Manufacturers are stoking production on news that the building materials sector is reporting a 46% increase in net profits this year, including a 16% hike in the second quarter. This is prompting projections that steel consumption will rise 12% in 2010. Bangkok-based Siam City Cement Plc, Thailand’s second-largest cement producer, has upped production since fall as cement prices have steadied at about $85 per ton. It will add 900,000 tons to 2010 capacity, says Vice President Chantana Sukumanont.
But uncertainty clouds such optimism as the ghost of 1997’s market crash lingers in the memories of many Thai owners and developers. Even as rising prices hint at a turnaround, contractors, owners and banks “are taking a very cautious approach,” says William Lo, managing director in Bangkok for global real estate consultant Rider Hunt Levett and Bailey Ltd. “Overall, things are coming back, construction financing is up, and there is a hunger for jobs, but there are some real challenges to the markets,” he says.
Lo points to Thailand’s political unrest as a key factor in how construction costs behave in coming months. Two-year-long tensions between pro- and anti-government groups continue to boil over in the streets of Bangkok, he points out. The disruption to the Thai construction industry “can be disastrous depending on how unstable things get,” says Lo.
Also, as Thailand moves to clean up less-than-green industries, some worry about growing environmental activism. A September ruling by Thailand’s Supreme Administrative Court halted 65 major industrial and power construction projects, worth about $8 billion, under more stringent environmental laws.
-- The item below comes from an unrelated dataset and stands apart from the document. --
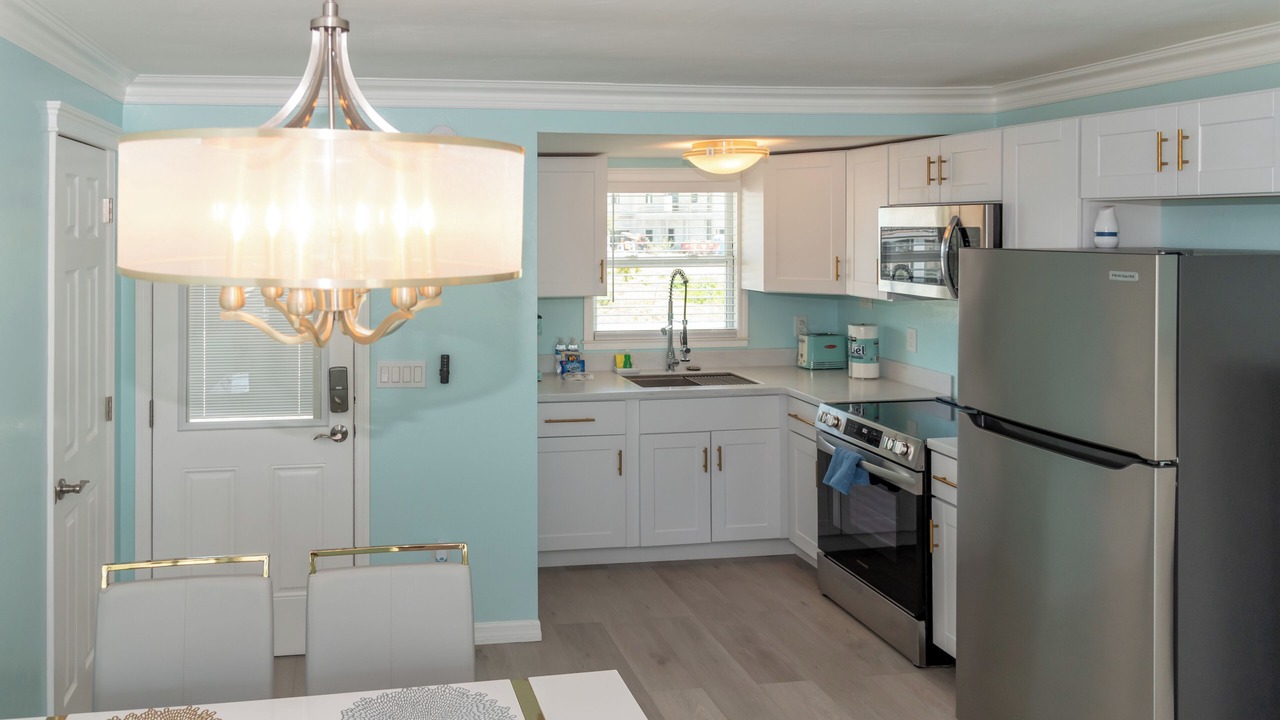 Photo of Kitchen in Mid Island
Many are still idle and mired in litigation, and there is concern that the year-end market resurgence could take a hit. “The cost of doing business in Thailand is definitely going up because of this ruling,” says Nandor von der Luehe, chairman of the Joint Foreign Chambers of Commerce. “It puts financing of these projects at risk.”
Still, analysts are optimistic on news of rising materials prices. Tata Steel Thailand Plc, the country’s largest steel producer, says prices for steel bars climbed from about 65¢ per kilogram to more than $1 this month, says Surachai Pramuancharoenket, analyst from Kim Eng Securities Plc, Bangkok. Cement producers expect demand to grow by 10% in the upcoming months, he adds.